DeepONet for 1D Poisson Equation
Mathematical Formulation
Problem Statement
We consider the one-dimensional Poisson equation on the domain $\Omega = [0,1]$:
\[-\frac{d^2u(x)}{dx^2} = f(x), \quad x \in [0,1]\]
subject to homogeneous Dirichlet boundary conditions:
\[u(0) = u(1) = 0\]
In our specific case, the forcing function $f(x)$ is parameterized by $\alpha$:
\[f(x) = \alpha \sin(\pi x)\]
Analytical Solution
\[u(x) = \frac{\alpha}{\pi^2} \sin(\pi x)\]
The DeepONet architecture consists of:
- Branch network: Processes the discretized input function $f(x)$
- Trunk network: Processes the spatial coordinates $x$
- Output: $u(x) \approx \sum_{k=1}^p b_k(f) t_k(x)$, where $b_k$ are outputs from the branch network and $t_k$ are outputs from the trunk network
Implementation
using NeuralOperators, Lux, Random, Optimisers, Reactant, Statistics
using CairoMakie, AlgebraOfGraphics
const AoG = AlgebraOfGraphics
AoG.set_aog_theme!()
const cdev = cpu_device()
const xdev = reactant_device(; force=true)

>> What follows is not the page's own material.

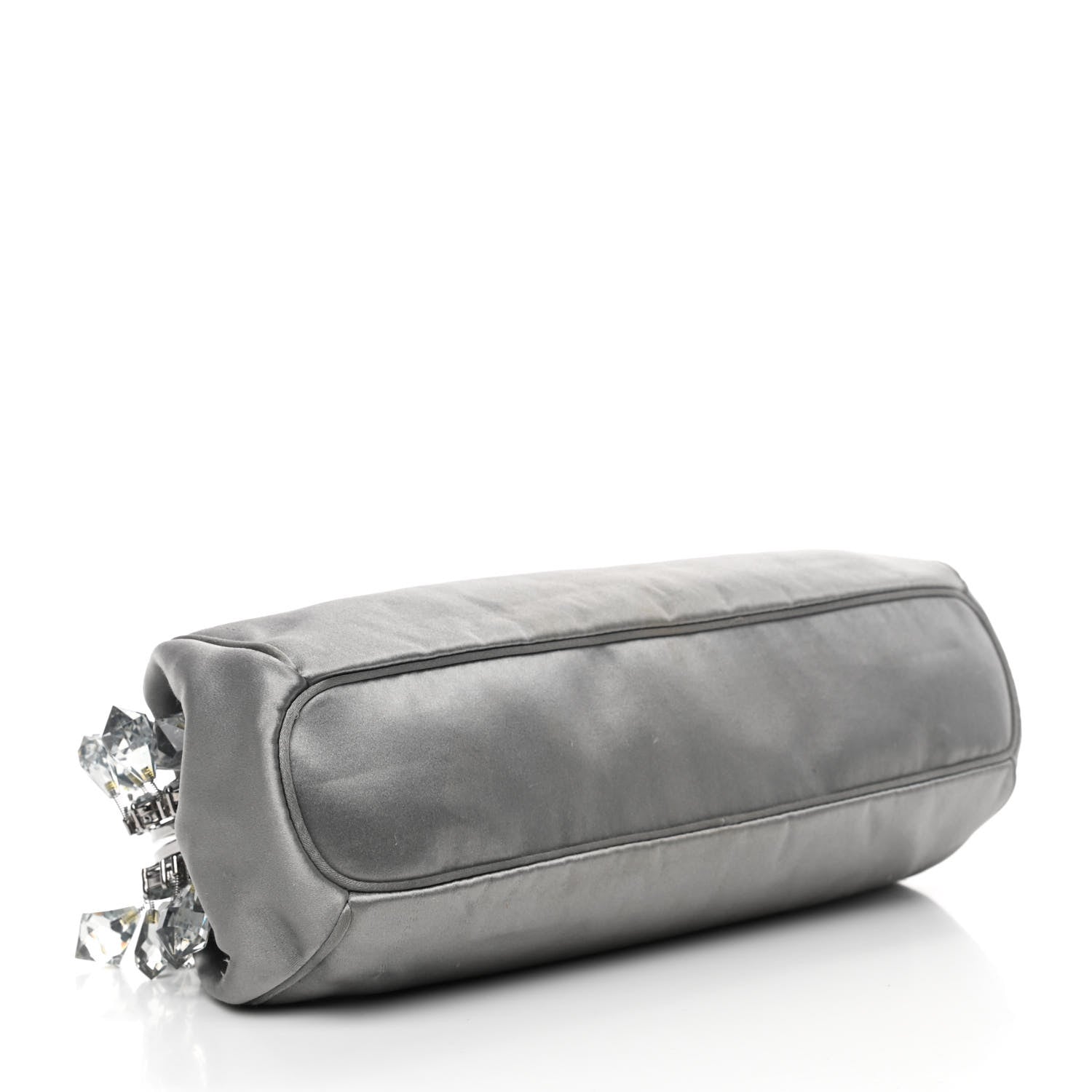 Prada Satin Crystal Clutch Grafite 4 of 13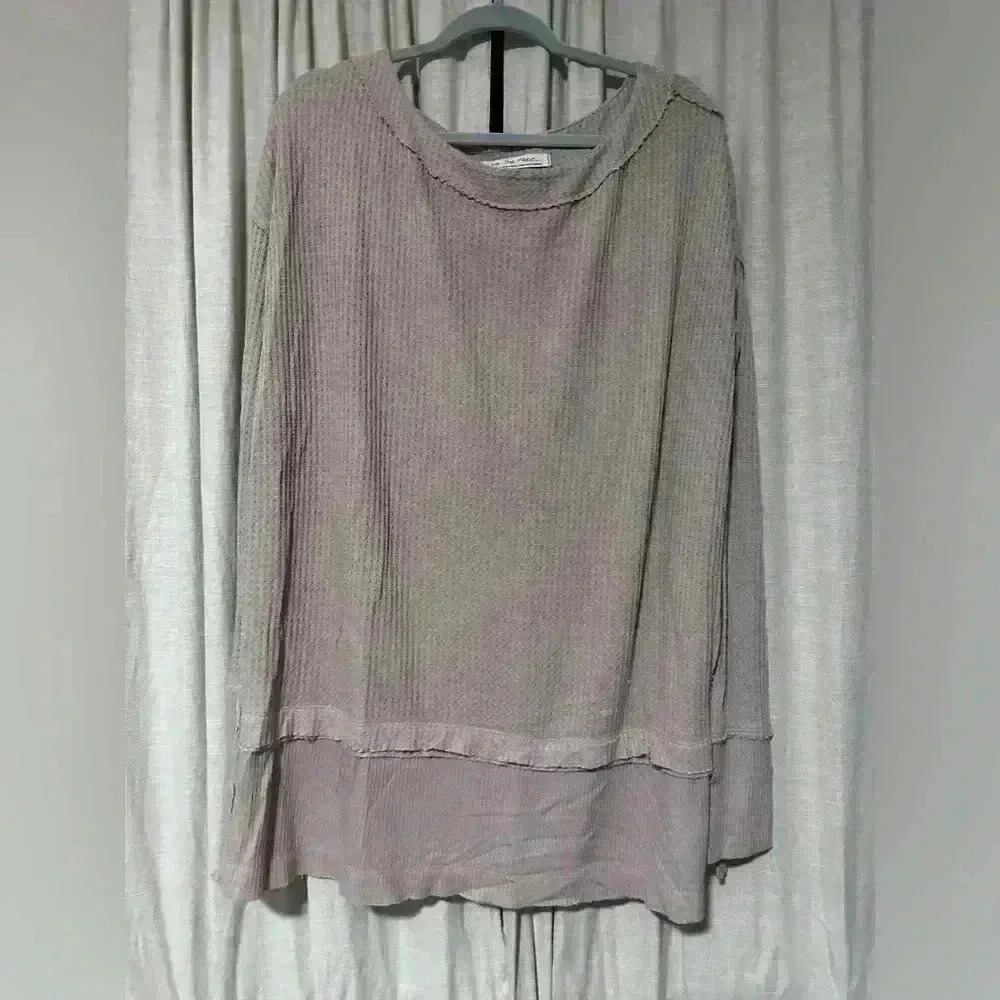We The Free Oversized Waffle Knit Top Size Small Mauve Pink Cozy and Relaxed Fit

rng = Random.default_rng()
Random.seed!(rng, 42)
# Problem setup
m = 64
data_size = 128
xrange = Float32.(range(0, 1; length=m))
forcing_function(x, α) = α * sinpi.(x)
poisson_solution(x, α) = (α / Float32(π)^2) * sinpi.(x)
# Generate training data
α_train = 0.5f0 .+ 0.8f0 .* rand(Float32, data_size) # α ∈ [0.5, 1.3]
f_data = stack(Base.Fix1(forcing_function, xrange), α_train)
u_data = stack(Base.Fix1(poisson_solution, xrange), α_train)
x_data = reshape(xrange, 1, m)
max_u = maximum(abs.(u_data))
u_data ./= max_u
# Define DeepONet
deeponet = DeepONet(
Chain(Dense(m => 64, tanh), Dense(64 => 64, tanh), Dense(64 => 32, tanh)), # Branch
Chain(Dense(1 => 32, tanh), Dense(32 => 32, tanh)) # Trunk
)
ps, st = Lux.setup(Random.default_rng(), deeponet) |> xdev;
# Training
function train_model!(model, ps, st, data; epochs=3000)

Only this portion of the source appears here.